--- Exercise directions ---
Your copy begins at the line with "beam gas elastic scattering @ higgs" and runs through the end of the data below. Set down only those lines exactly, without pictures.
━━━━━━
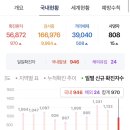 클래식바디짐 이미지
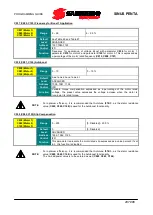 Preview for 287 page of Santerno PENTA MARINE User Manual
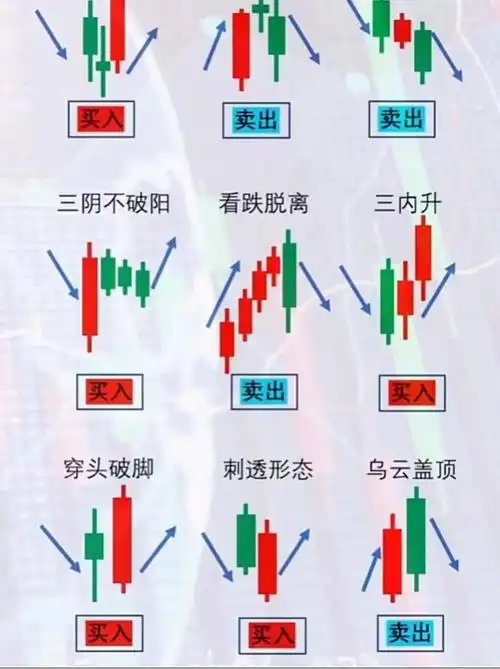 新手一定要记住的k线组合形态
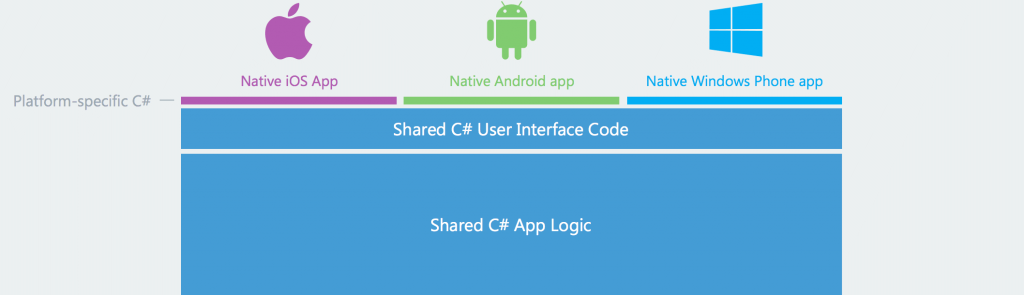 Xamarin-code-sharing-eMan-1024x295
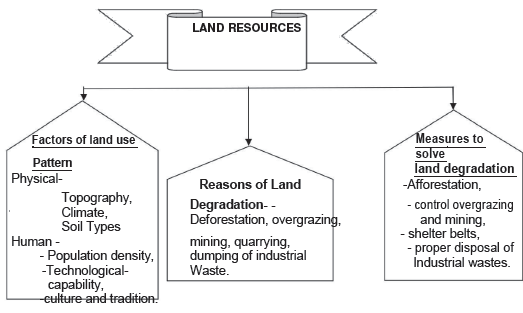 Resources and Development Notes for Class 10 Social Science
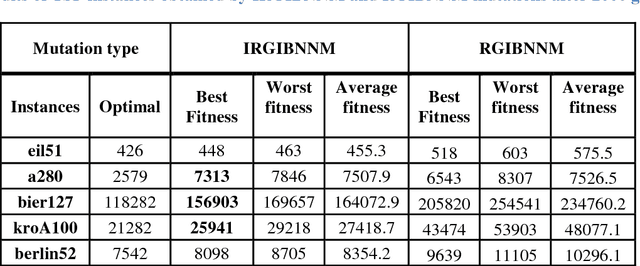 Figure 4 for Improving TSP Solutions Using GA with a New Hybrid Mutation Based on Knowledge and Randomness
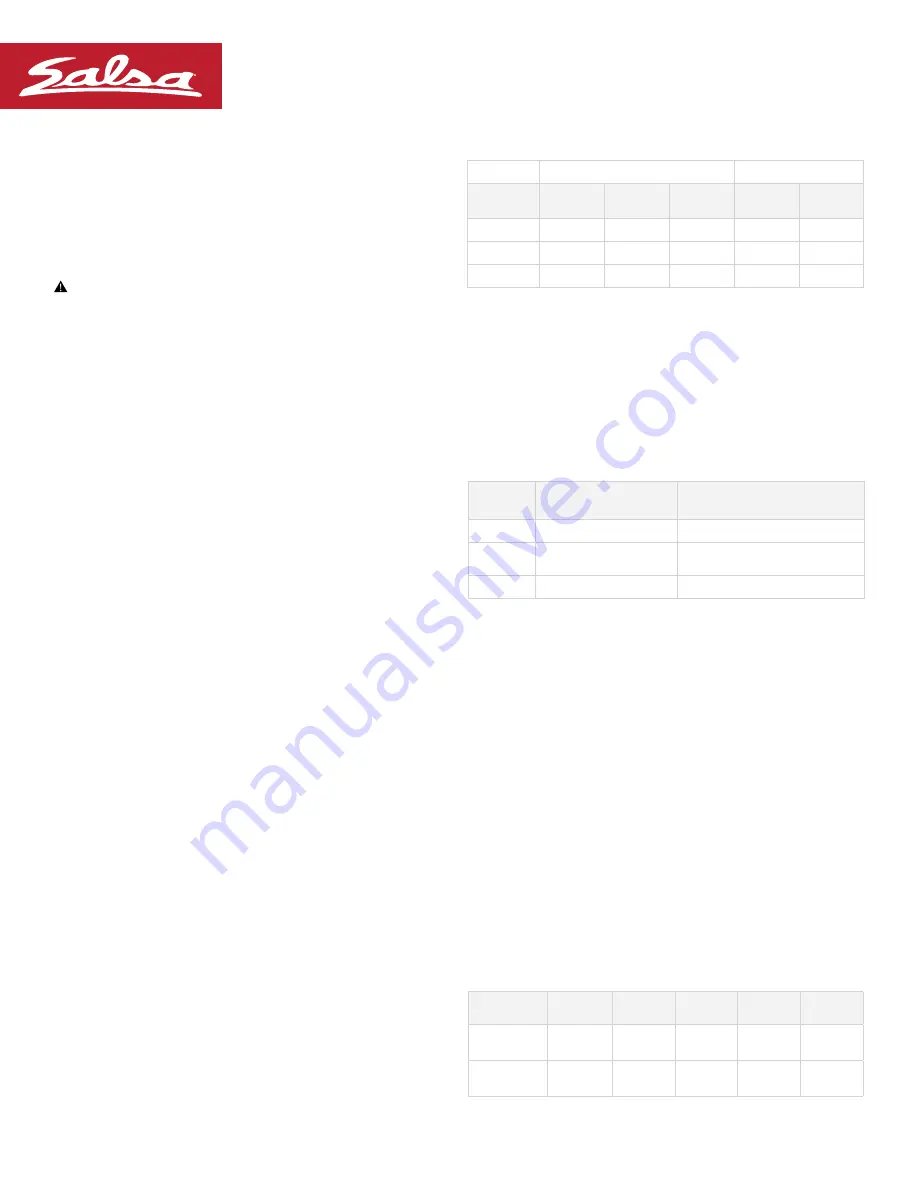 SALSA BUCKSAW Framesheet Download Page 3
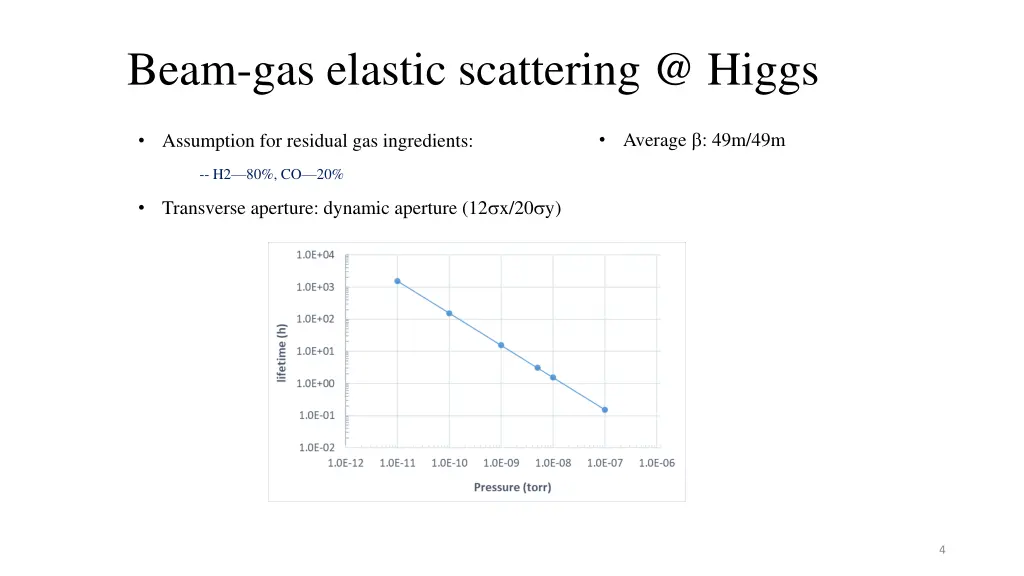 beam gas elastic scattering @ higgs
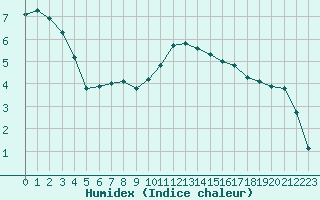 Courbe de l'humidex pour La Lande-sur-Eure (61)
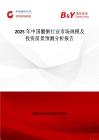 2025年中国蟹粥行业市场规模及投资前景预测分析报告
━━━━━━
--- Solution to the problem ---
 beam gas elastic scattering @ higgs
 Courbe de l'humidex pour La Lande-sur-Eure (61)
 2025年中国蟹粥行业市场规模及投资前景预测分析报告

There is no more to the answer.